If crap movies carried penalties for inflicting torture on audiences, then Rings would merit a death sentence. This overdose of cinematic Lunesta takes the horror out of horrorshow – and the show is lost as well, since Spanish director F. Javier Gutiérrez doesn't seem remotely interested in rousing anything in us besides all-consuming apathy.
Seriously, how do you screw up so bad when the source material is so fertile? Ringu, the 1998 Japanese horror movie directed by Hideo Nakata, scared audiences on a global scale with its tale of a cursed videotape that killed anyone who watched it. Gore Verbinski directed 2002's American remake, which stayed true to the original version and offered the bonus of the terrific Naomi Watts as a reporter out to investigate the idea of VHS as a lethal weapon. I mean, you hit Play, take a look at stringy-haired ghost-girl Samara, and you're dead in a week? WTF! The great Nakata went Hollywood himself to direct Watts in 2005's The Ring Two, a follow-up that got in a few J-horror licks but buckled under the pressure to produce a safe PG-13 commercial package.
Which brings us, a dozen years later, to this chance to reinvent the franchise for the age of file sharing. Not a bad idea, really.
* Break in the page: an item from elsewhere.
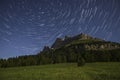 Catinaccio and star trails at the moonlight, Karerpass - Dolomiti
But what a botch job, heightened by demo-worthy awfulness in directing, writing and acting. Alex Roe is burdened with the lead role of Holt, a dude who leaves home for college, breaking the heart of his high-school sweetie Julia, played Matilda Lutz. (Lutz and Roe – it sounds like a shady law firm.) They can't breathe much life into these characters. But a webcam can, as we watch the lovers Skype every night to keep the hormones burning.
Holt is soon embroiled with Gabriel Brown (Johnny Galecki, of The Big Bang Theory fame), a professor who's been secretly studying the video in question to unlock the key to immortality and offer up his students as human sacrifices. Galecki has a wicked glint that the script never allows him to put to use. Instead, we get the Attack of Nonstop Plot Exposition, a bore-you-breathless rehash about the urban legend of the ghost girl. Worse, precious little is made of new technology. A cameo from a slumming Vincent D'Onofrio as a blind cemetery caretaker doesn't so much advance the plot as confirm its senseless underpinings. We’re meant to devour this demented drool as a set-up for the next film in the Ring cycle – like that’s gonna happen! The best review can be found in three words that Holt texts to Julia about the video: "Don't Watch It." Sound advice.